After B7, end-to-end on the same corpus:

Measurement	Before B7	After B7
NK end-to-end	6.68 s	4.08 s
PK end-to-end	28.73 s	10.33 s
`compute_metrics` PK BP prep	5.443 s	0.599 s
`compute_metrics` PK BP kernel	1.805 s	0.746 s
`evaluate_prediction` PK total	5.68 s	2.05 s

Micro-benchmarks¶

Individual hot spots, isolated:

Kernel	Corpus	Before	After
`pred_parser` (NK)	4.45M rows	1.22 s	0.45 s (2.72×)
`pred_parser` (PK)	4.45M rows	1.44 s	0.63 s (2.28×)
`compute_confusion_matrix_exclude` (PK, n_cpu=1)	real PK	2.73 s	1.45 s (1.88×)
`gt_parser` (NK, cold cache)	real corpus	1.71 s	1.46 s
`gt_parser` (PK, cold cache)	real corpus	2.21 s	0.64 s
`gt_parser` (PK, hot ancestor cache)	real corpus	2.21 s	0.16 s

Phase C — memory¶

Phases A and B optimise time; Phase C removes the two dense O(n²) / O(n_prot · n_terms) allocations that dominate memory at full-GO scale, with no loss of speed.
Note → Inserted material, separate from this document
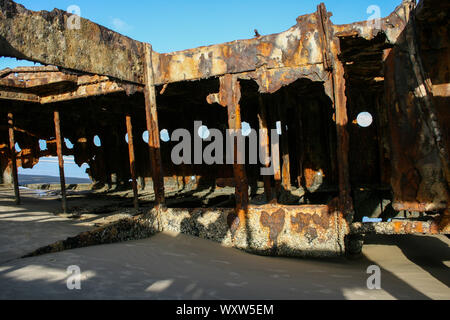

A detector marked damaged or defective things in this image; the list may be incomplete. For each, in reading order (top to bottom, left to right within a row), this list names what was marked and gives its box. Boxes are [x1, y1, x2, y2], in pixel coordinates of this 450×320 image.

rusted deck beam [142, 43, 165, 206]
rusted metal beam [143, 43, 164, 208]
rusted hull plate [155, 205, 348, 258]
Parity is bit-exact (atol=0, rtol=0) against the pre-C fork on every scenario and on a 24 000-term × 30 000-protein synthetic corpus, so it does not move the upstream tolerance.

Phase	Area	Change
C1	Graph	Sparse DAG. The dense `(n_terms, n_terms)` bool adjacency is replaced by CSR parent/child index arrays + degree vectors built from the per-term `adj` / `children` sets. `top_sort` uses `collections.deque` (`O(1)` `popleft`) instead of `list.pop(0)`.
C3	Prediction	The dense `(n_prot, n_terms)` `float64` prediction matrix is never built. `graph.propagate_to_coo` propagates the parser’s COO sparse-natively; `Prediction.matrix` is a CSR; the sparse kernels read its `data`/`indices`/`indptr` directly.

Measured¶

Graph construction on the full GO (go-basic.obo, 24 547 BP / 10 123 MF / 4 069 CC terms):

Measurement	Before C1	After C1
Build time (3 namespaces)	1.87 s	0.61 s (~3×)
Peak RSS (DAG only)	312 MB	108 MB (~3×)

End-to-end cafa_eval on a 24 000-term × 30 000-protein synthetic corpus (IA-weighted, PK, th_step=0.01):

Measurement	Before C3	After C3
Peak RSS	11.9 GB	7.0 GB (−41 %)
Wall-clock	51 s	42 s

What is left on the table¶

Phase C4 — sparse ground-truth / exclude matrices. Prototyped and bit-exact, but the sparse TP gather (g[r, c] membership) is slower than a dense fancy index, so it traded ~1.2 GB for ~2× wall clock. Not merged: the time regression outweighs the memory gain. Would need a sparse-intersection TP gather (pred.multiply(gt)) to be worthwhile.
Phase B5 — optional numba kernel on the per-namespace parser reduction. Not scheduled; the current PyArrow path already brings parser time below the confusion-matrix cost.
A numba-JIT legacy parser for environments where pyarrow is unavailable. Only worth building if profiling on a legacy-only install warrants it.